In Organic Searchby Dewan Chapman

Technical SEO For Your Crawl Budget

When optimising big websites (over 100,000 URLs) technical SEO starts to become the most
important component of your search strategy. Ignoring the ‘under-the- hood’ workings of a
website and how these workings affect search engines’ ability to discover, index and rank
pages, will result in high ‘technical debt’ which takes a lot of time and effort to pay off.
Getting a forensic SEO audit done on your website will bring to light and prioritise any issues
that should be fixed. It’s a worthwhile investment.

One action item that will doubtless come up in an audit is that of crawl budget.

Understanding Crawl Budget

Simply put, crawl budget is the number of times a search engine spider crawls your website in
a certain time frame. For example, Googlebot typically crawls one of our client’s sites 117,240
times a month, therefore our client’s monthly crawl budget is 117,240 pages per month –
that’s a decent budget, but needs to be managed correctly.

Each website’s crawl budget is different based on two factors:

1. Crawl Rate Limit

“Googlebot is designed to be a good citizen of the web. Crawling is its main
priority, while making sure it doesn’t degrade the experience of users visiting a
site. Google calls this the ‘crawl rate limit’ which limits the maximum fetching
rate for a given site.” – Google

The crawl rate can increase (good) or decrease (bad) based on a couple of factors:

• Site speed: if Googlebot can download (or crawl) a site quickly the crawl rate limit
increases, which is good. If a site is slow or responds with server errors the crawl rate
limit decreases, which is bad.
• Limit set in Search Console: website owners can reduce Googlebot’s crawling of their
site. Note that setting higher limits doesn’t automatically increase crawling.

2. Crawl Demand

“Even if the crawl rate limit isn’t reached, if there’s no demand from indexing,
there will be low activity from Googlebot.” – Google

The three factors that play a significant role in determining crawl demand are:

• Popularity: URLs that are more popular on the Internet tend to be crawled more often
to keep them fresher in Google’s index
• Staleness: Google attempts to prevent URLs from becoming stale in the index
• Site-wide events like site migrations may trigger an increase in crawl demand to re-
index the content under the new URLs.

3 Tips for Optimising Crawl Budget

I use Screaming Frog SEO Spider to simulate how Googlebot crawls a website and Google’s
Search Console to help identify issues affecting crawl budget.

1. Investigate Page Load Speed

The first thing to do is check the arch nemesis of crawl rate limit: page load speed!

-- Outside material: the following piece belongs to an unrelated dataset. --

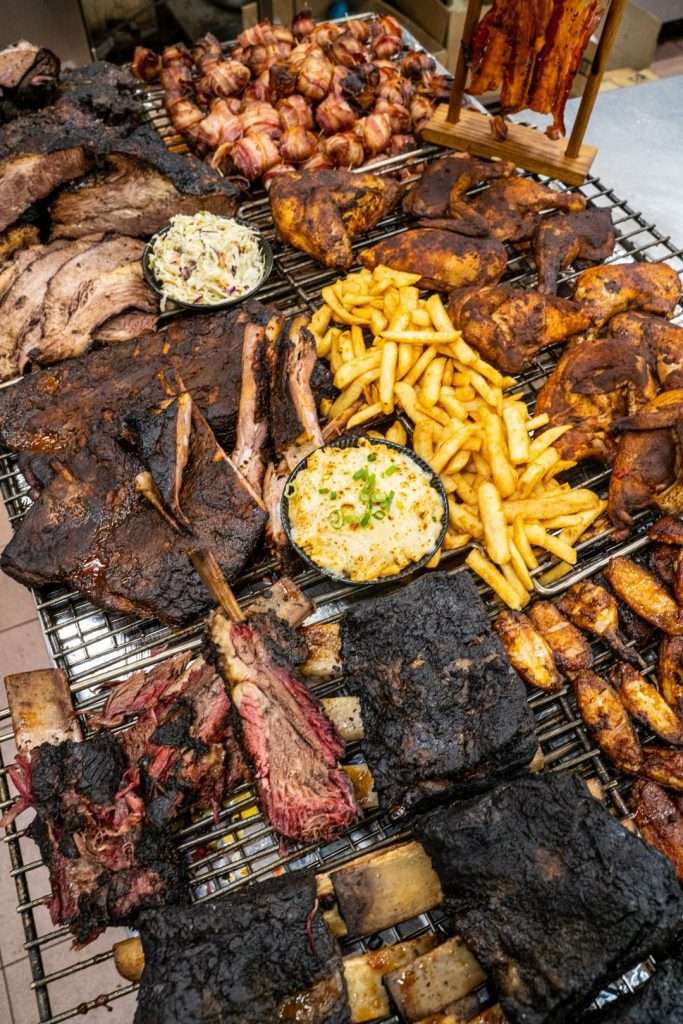 Assorted smoked meats and sides laid out for All You Can Eat BBQ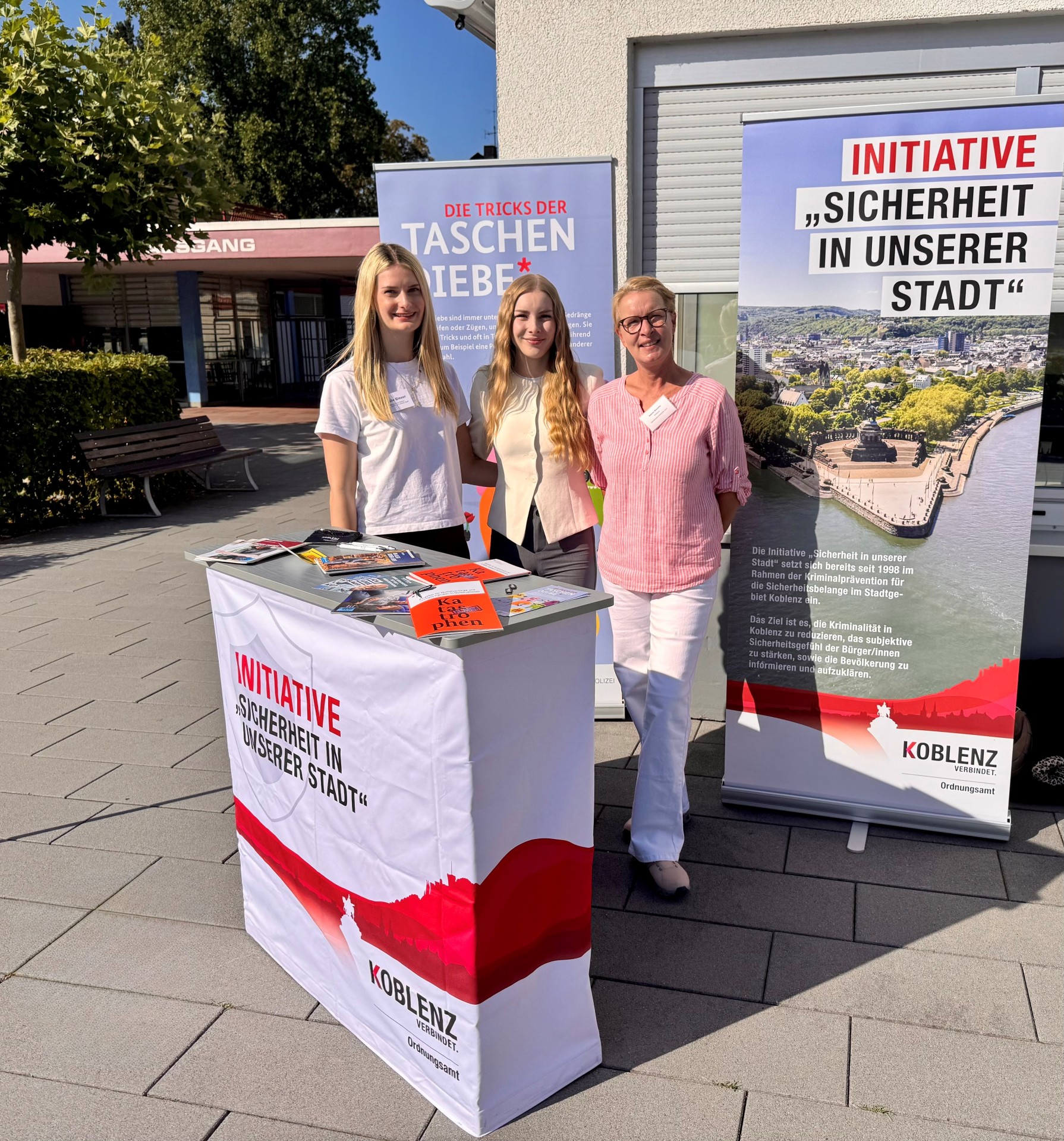 Drei Frauen stehen an einem Informationsstand.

Infographic of a Google Search Console Graph

Page Load Speed Graph From Google Search Console

The above screenshot is from Google’s Search Console (formally Webmaster Tools) under
Crawl Stats Time spent downloading a page. The sad face is pointing to an increase in the
time it took Googlebot to crawl the site which is waaaaay over the site average and is eating
up crawl budget.

We need to find out which pages could be at fault here. We can check this within Google
Analytics under Behavior ‘Site Speed’ Page Timings:

The page with 83.50% slower page load time could be one of the culprits. So, we need to look
at ways to reduce the page load time for that page and pages like it, this will result in a more
efficient crawl.

2. Manage URL Parameters

The problem of URL parameters is common within ecommerce sites and listing sites which
generate lots of dynamic URLs that load the same content (filters, search results etc.) By
default, Googlebot will treat these URLs as separate pages, this increases the risk of on-site

duplication which can waste crawl budget. Disallowing URL parameters and search results
from being crawled through the robots.txt file is recommended:
Disallow: /search/
Disallow: /*?s=

Some website’s have URL parameters that do not influence the content of the pages, in this
case, make sure you let Googlebot know about it by adding these parameters in your Google
Search Console account, under Crawl -> URL Parameters (this is an advanced feature within
Search Console, an SEO audit will tell you if this step is necessary for your site).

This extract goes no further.